- Since the introduction of the carbon tax in 2008, BC has achieved reductions in fuel use of 17.4% per capita and even greater reductions (18.8%) relative to the rest of Canada.
- During this period there has been a large increase in the number of Canadian vehicles crossing the BC border into the United States , especially for day trips. It is likely that the main purpose of many of these trips was shopping.
- The current rate of Canadians visiting the US is not unprecedented. Larger numbers of Canadians crossed the border in the 1990s.
- Although high gasoline prices are a factor in motivating the border crossings, there were many other incentives, for example, the strong Canadian dollar, as well as cheaper dairy products, clothing and electronic goods.

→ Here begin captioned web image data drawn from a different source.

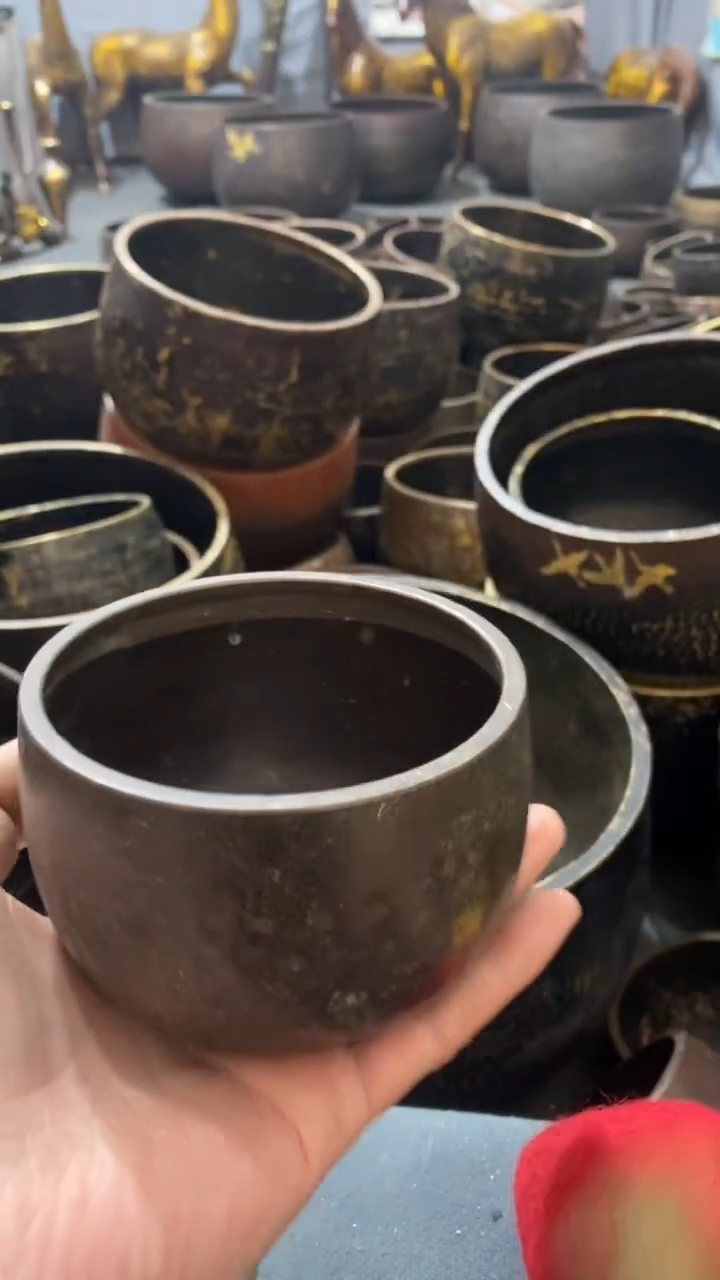 8888888888888888888888888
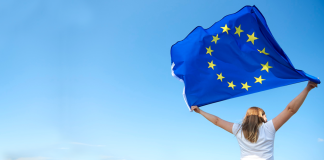 Definitia Europei a fost intotdeauna inspiratoare si incoerenta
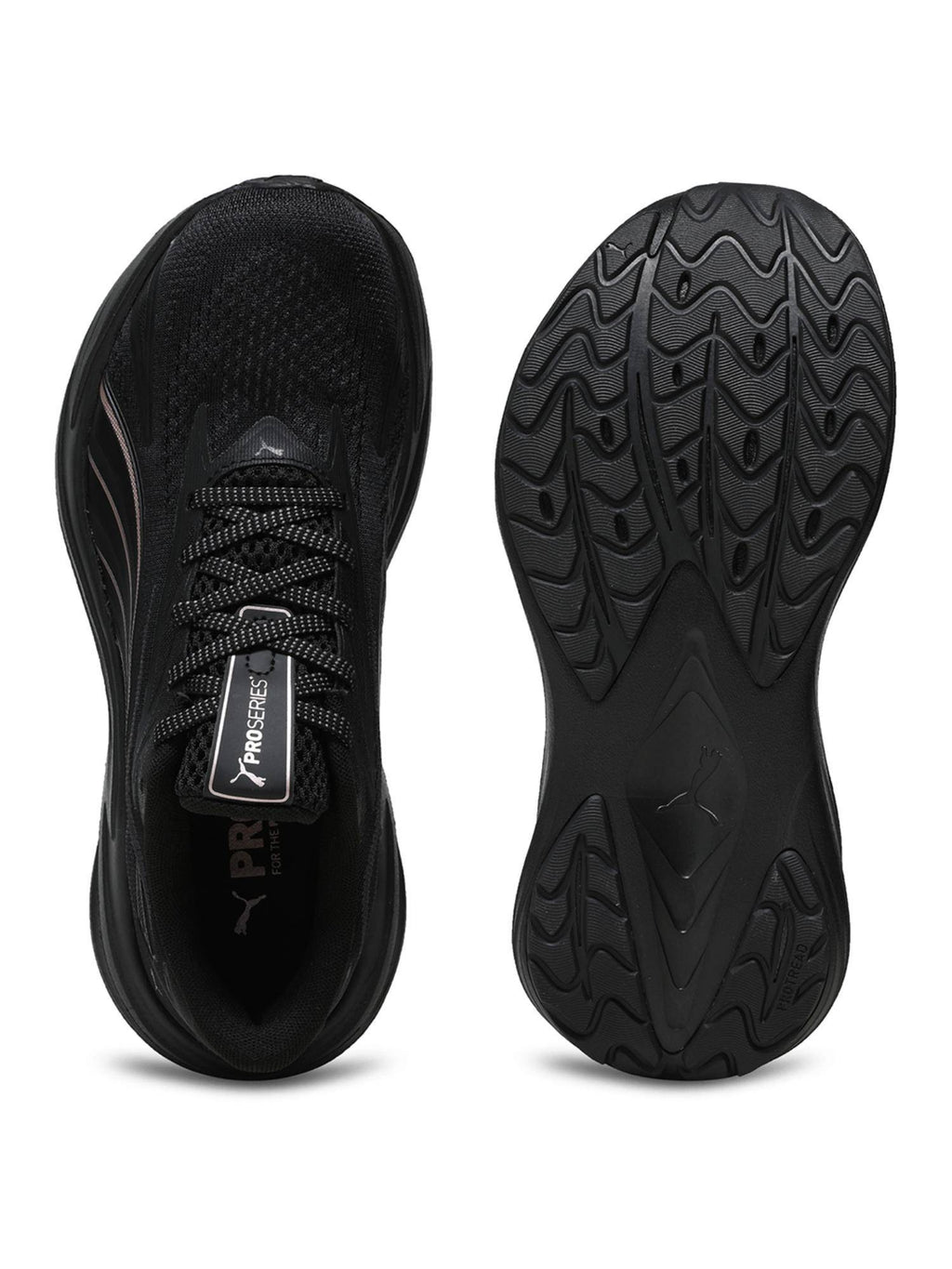 Maxima Pro Women Running Shoes | SH9 - view 5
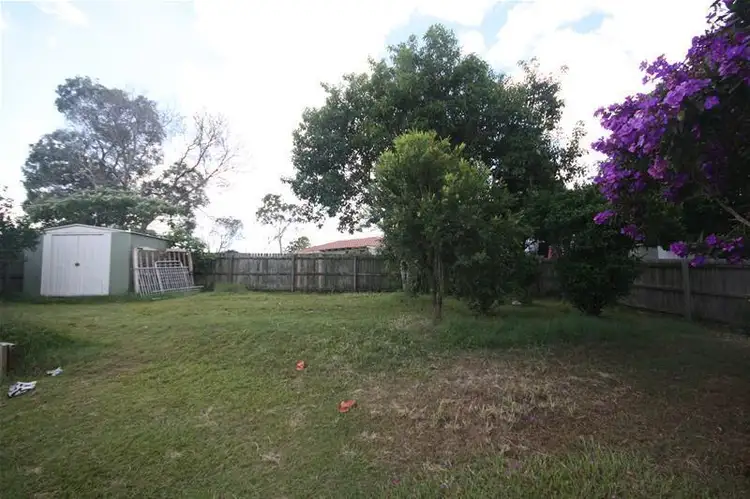 Fifth view of Homely house listing, Address available on request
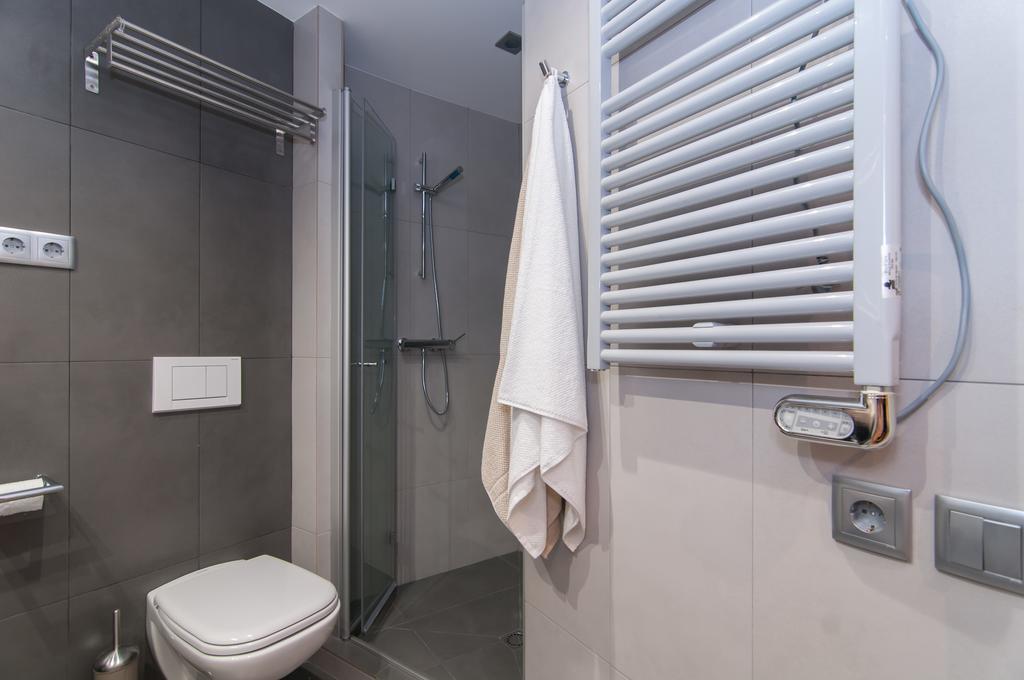 Apartment Montaber Apartments - Sagrada Familia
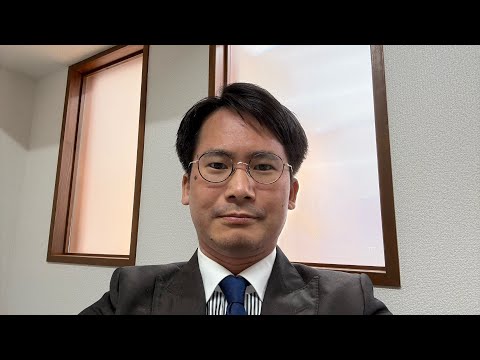【先着順】井上咲楽さんとの選挙三昧 沖縄知事選2026発売開始しました！前回即完でしたので現地チケットお早めに!今回もゲストにReHacQ高橋弘樹さん、今野忍さんにお越し頂きます！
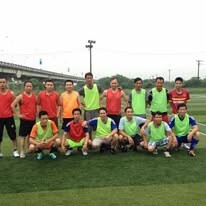 Kỹ Thuật Xây Dựng Và Cơ Điện Công Trình ECMEC 10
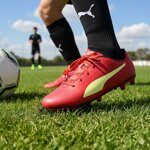 rosso-giallo-puma-rapido-ii-fgag-106572-40-41-42-425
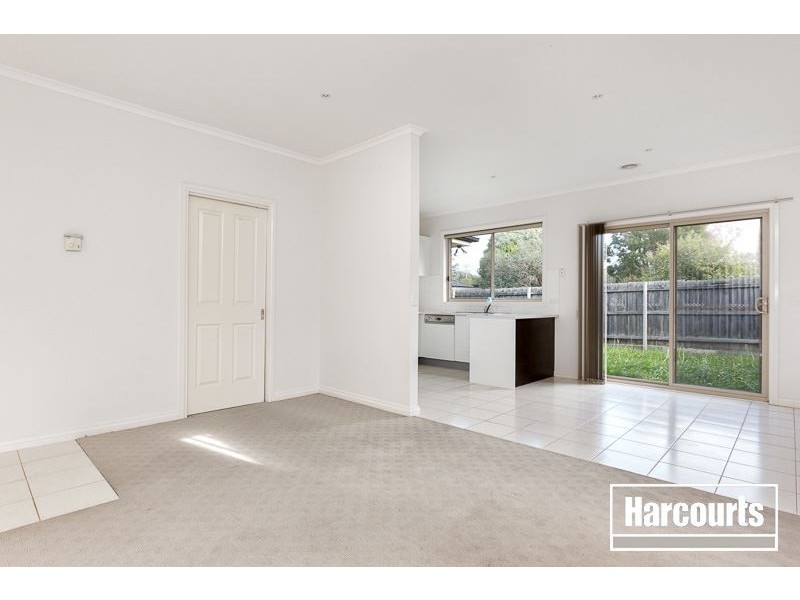 3/25 Douglas Street, Hastings VIC 3915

- On average, a Canadian vehicle crossed the border an additional 1.3 times per year in 2012 compared to the rate before the introduction of the carbon tax.
- It is estimated that 1-2% of the refined petroleum product fuel consumed in BC was purchased in the United States as a consequence of the additional cross-border travel. This amount of fuel does not therefore show up in Canadian fuel sales figures, which requires us to make small adjustments to the provincial fuel-use estimates. Nevertheless, the adjusted reduction in BC fuel use over the past four years still exceeds 15% per person per year.
- The BC carbon tax is an effective policy that has likely substantially reduced emissions, but has not harmed the economy. It is increasingly politically popular within the province.